**WHAT THE EXERCISE ASKS**: Print all of the records. Exclude the images.

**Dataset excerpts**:
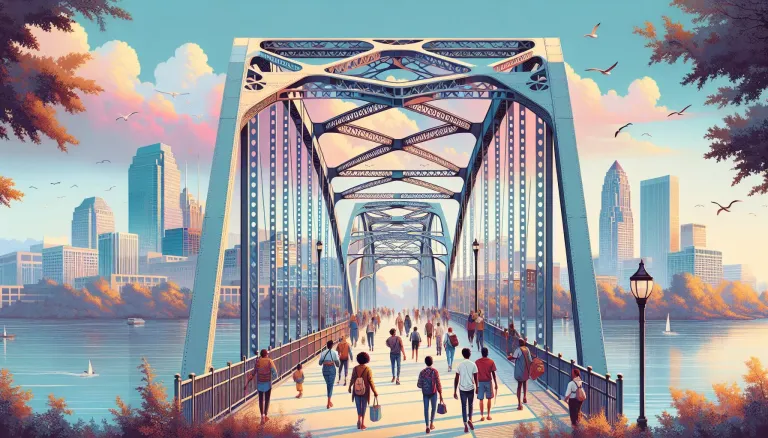 John Seigenthaler Pedestrian Bridge images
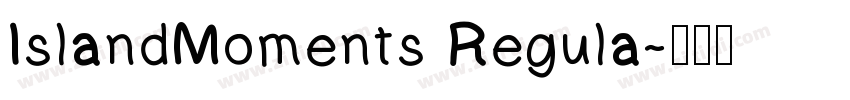 IslandMoments Regula字体转换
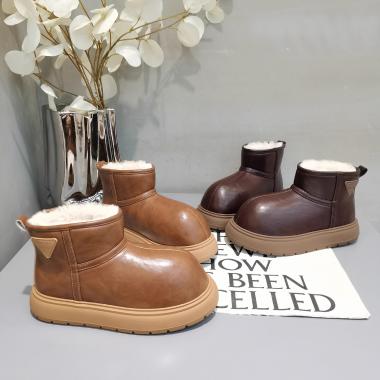 Bottega Veneta Inspired Ankle Boot Fur Lined Winter Boot For Women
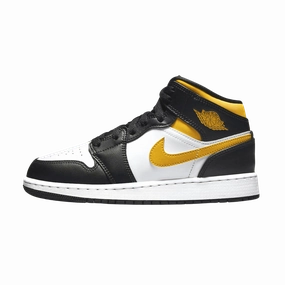 Air Jordan 1 Mid GS 'White Pollen Black' Air Jordan 1 Mid versatile shoes for daily wear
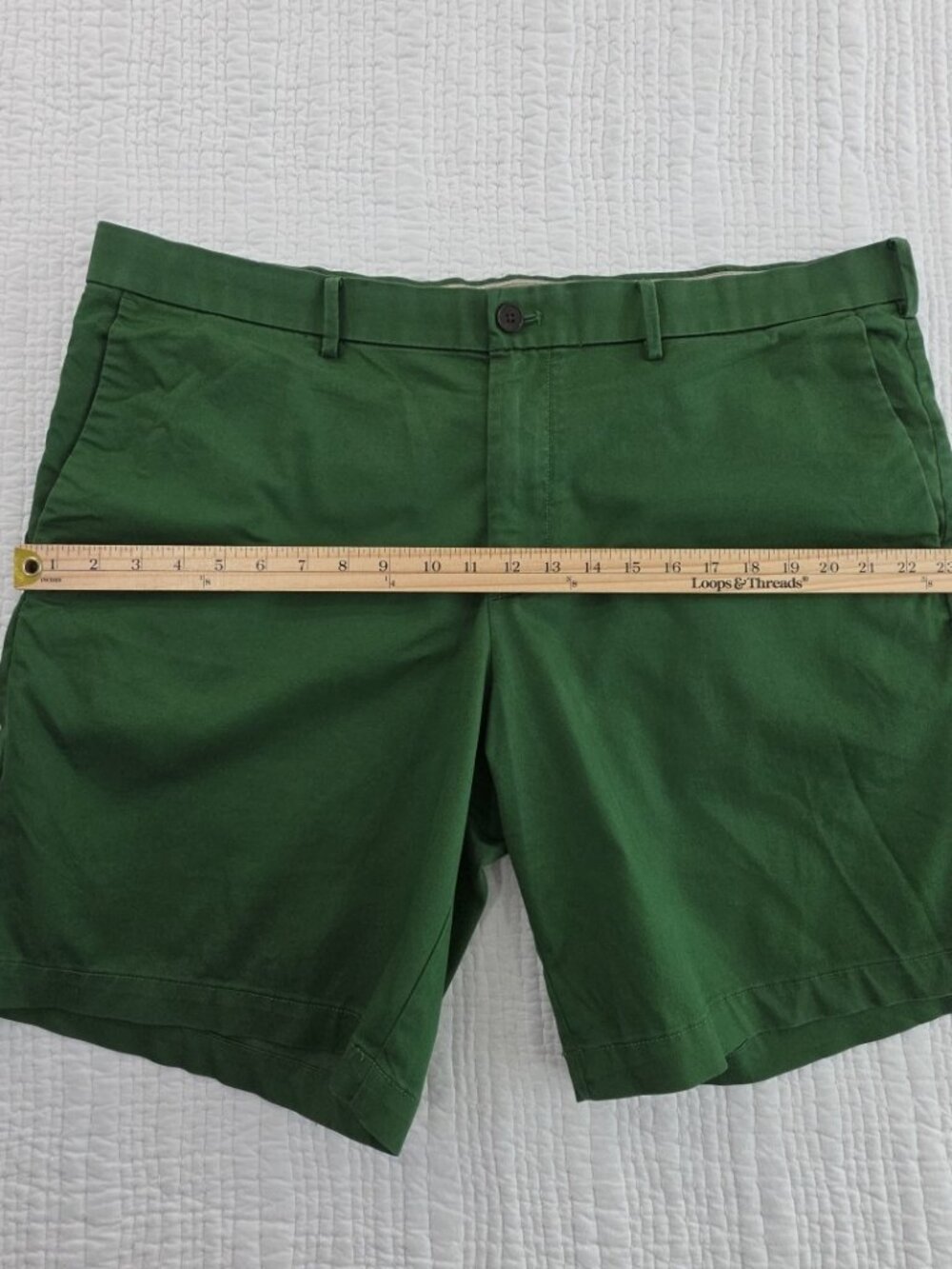 Banana Republic Walking Shorts Mens 40 Verdent Green 9" Inseam Stretch Classic - Picture 11 of 15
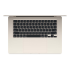 Apple MacBook Air 15" (M4 10C CPU, 10C GPU, 2025) 16/256Gb SSD (MW1J3) Starlight, «сияющая звезда»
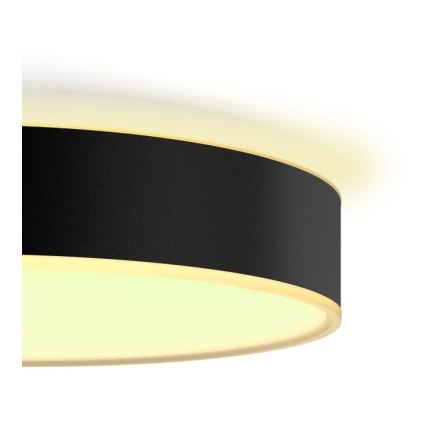 Philips - Hue LED hämardatav laelamp LED/33,5W/230V 2200-6500K läbimõõt 425 mm must + kaugjuhtimispult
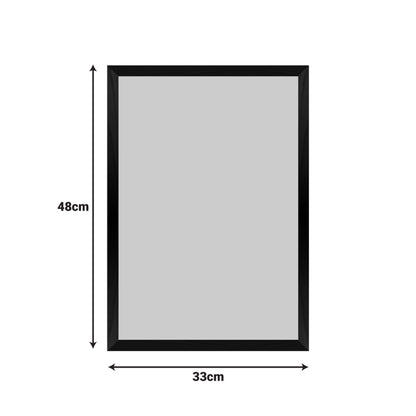 Πίνακας Serby pakoworld με ψηφιακή εκτύπωση και πλαίσιο 33x1.5x48εκ - Hippiehome.gr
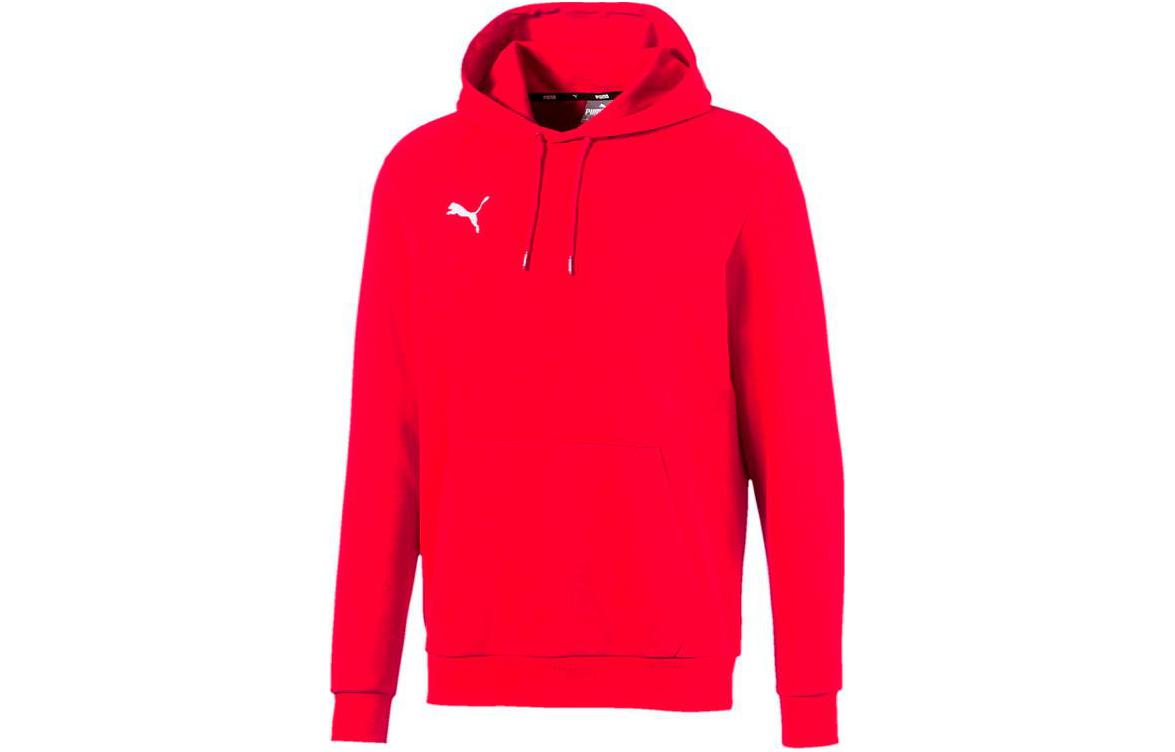 Puma TEAMGOAL23 Red Printed Pullover Hoodie Casual Wear 656988-01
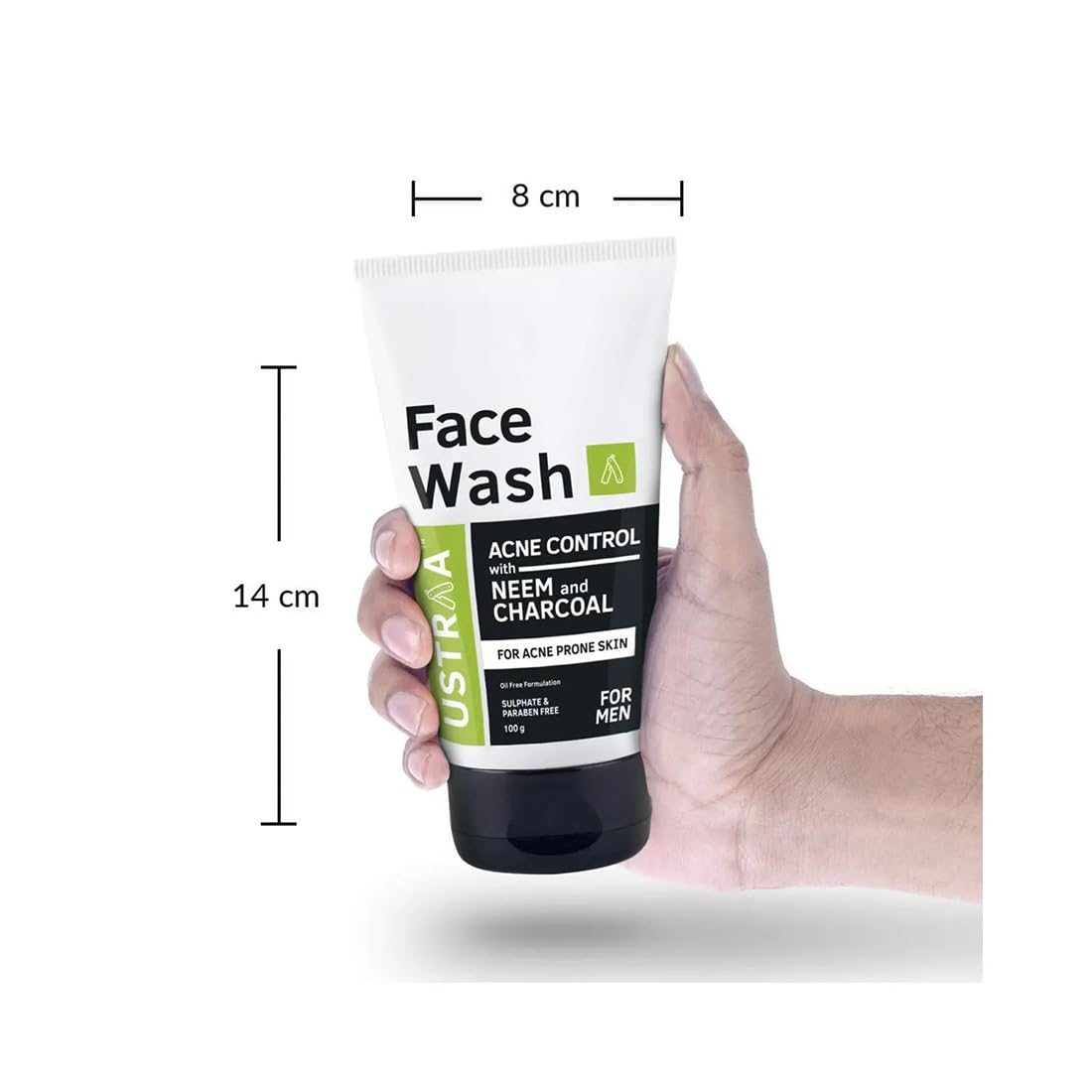 Ustraa Neem Charcoal Acne Control Oil-Free Face Wash 100g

**PROBLEM SOLUTION**:
 John Seigenthaler Pedestrian Bridge images
 IslandMoments Regula字体转换
 Bottega Veneta Inspired Ankle Boot Fur Lined Winter Boot For Women
 Air Jordan 1 Mid GS 'White Pollen Black' Air Jordan 1 Mid versatile shoes for daily wear
 Banana Republic Walking Shorts Mens 40 Verdent Green 9" Inseam Stretch Classic - Picture 11 of 15
 Apple MacBook Air 15" (M4 10C CPU, 10C GPU, 2025) 16/256Gb SSD (MW1J3) Starlight, «сияющая звезда»
 Philips - Hue LED hämardatav laelamp LED/33,5W/230V 2200-6500K läbimõõt 425 mm must + kaugjuhtimispult
 Πίνακας Serby pakoworld με ψηφιακή εκτύπωση και πλαίσιο 33x1.5x48εκ - Hippiehome.gr
 Puma TEAMGOAL23 Red Printed Pullover Hoodie Casual Wear 656988-01
 Ustraa Neem Charcoal Acne Control Oil-Free Face Wash 100g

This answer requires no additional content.